Se a campanha de resgate se mantém ativa, um gargalo está na devolução das peças sacras às instituições de origem (igrejas, museus etc.), pois nem sempre é possível a identificação pela falta de dados ou relatos de pessoas das comunidades que conheceram os acervos vendidos, furtados, roubados ou simplesmente sumidos do mapa. Para suprir esta lacuna, o Instituto Estadual do Patrimônio Histórico e Artístico (Iepha) vem atualizando o inventário de bens tombados. No ano passado, foram concluídas 908 fichas de nove igrejas, diz a presidente do órgão estadual, Michele Arroyo. Ela adianta que o programa Minas para Sempre, para colocação de alarmes, está sendo reformulado e reafirma a necessidade de colaboração dos moradores na prevenção.

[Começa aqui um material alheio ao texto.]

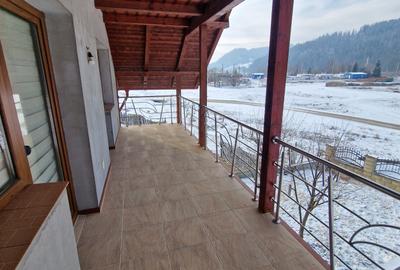 Vindem proprietate in orasul Frasin, Bucsoaia - Bucovina - 9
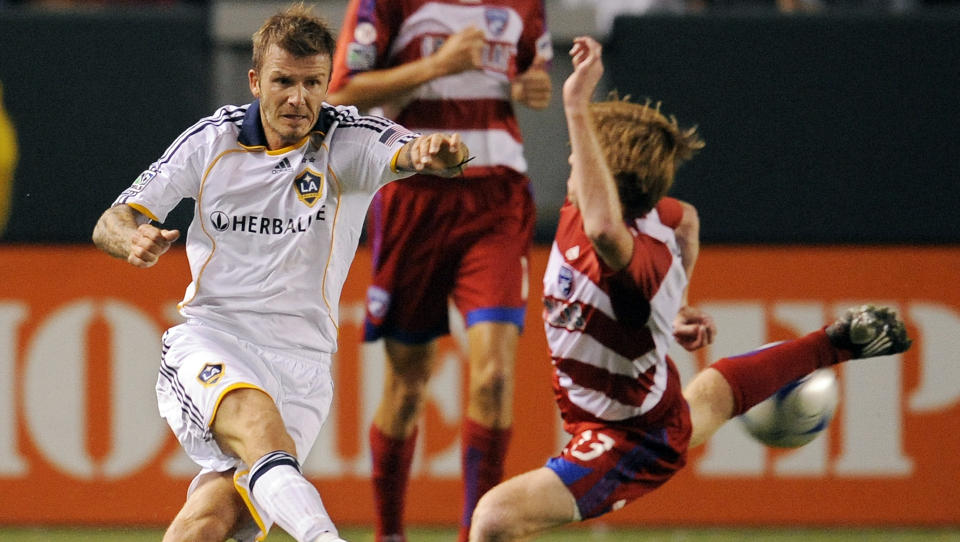 STORTAP: Los Angeles Galaxy  og David Beckham tapte hele 3-6 hjemme mot Dallas i helga. Foto: AP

CONFIANÇA Considerada a primeira imagem sacra de Santa Luzia, dos tempos ainda do Arraial de José Corrêa, onde a cidade tricentenária nasceu, a Santana Mestra – formada por um conjunto de três peças separadas: Santa Ana, mãe de Nossa Senhora, a menina Maria e a cadeira também em cedro policromado – traz boas recordações a Dalma Martins, moradora do Centro Histórico. Nos tempos de criança, ela participava das lições de catecismo dadas pela integrante das Filhas de Maria e zeladora da Matriz de Santa Luzia, Augusta Dolabela (1904-1995), guardiã do patrimônio religioso. Os ensinamentos eram ministrados numa capela, já demolida, que ficava ao lado da cadeia, na Rua Floriano Peixoto, para a qual foram transferidas as relíquias do primitivo templo destruído por uma enchente, segundo a tradição oral.

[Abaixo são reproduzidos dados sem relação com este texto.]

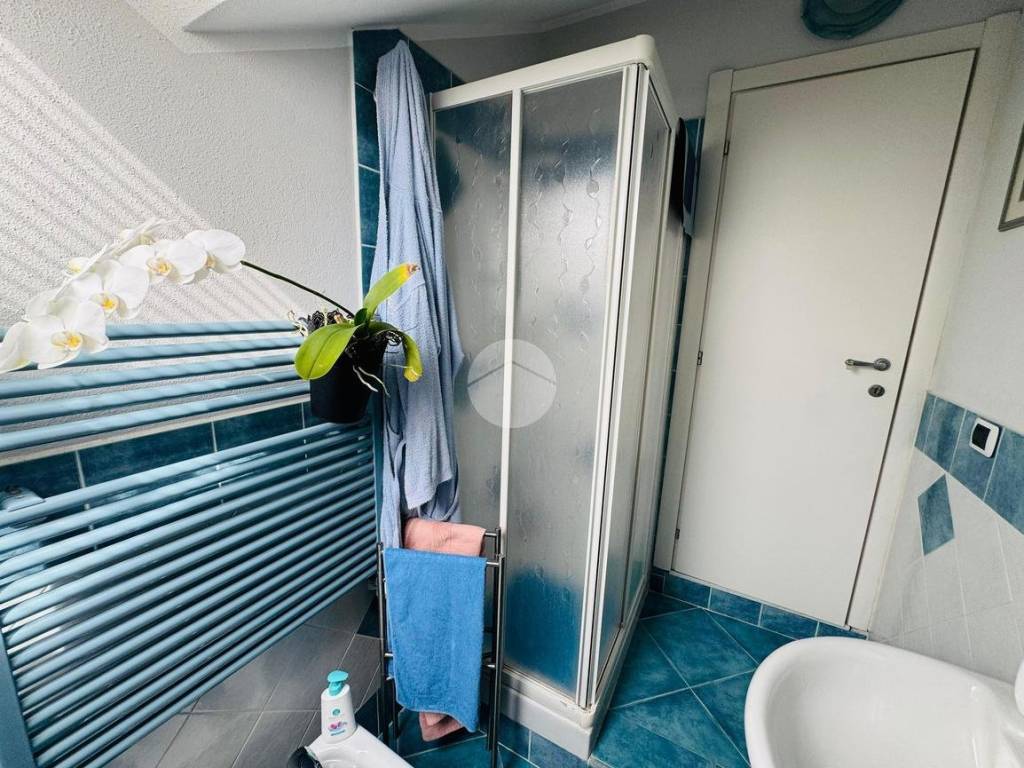 Vendita Appartamento Sestri Levante. Quadrilocale in via Del Petronio 42.  Ottimo stato, primo piano, posto auto, con balcone, riscaldamento autonomo,  rif. 119322027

“Na hora do catecismo, falávamos: ‘Vamos lá na Igreja de Santana!’ Do lado da imagem, ficava um crucifixo muito bonito”, diz Dalma.
Com altura de 90cm e portando resplendor e coroa de prata, a Santana Mestra fazia parte, junto com outras 51 peças, da coleção de um mineiro, já falecido, que morava no Rio de Janeiro. O catálogo de divulgação da galeria onde ocorreu o leilão descreveu a obra como “erudita” e proveniente do “interior de Minas Gerais, de uma velha igreja que estava sendo demolida”.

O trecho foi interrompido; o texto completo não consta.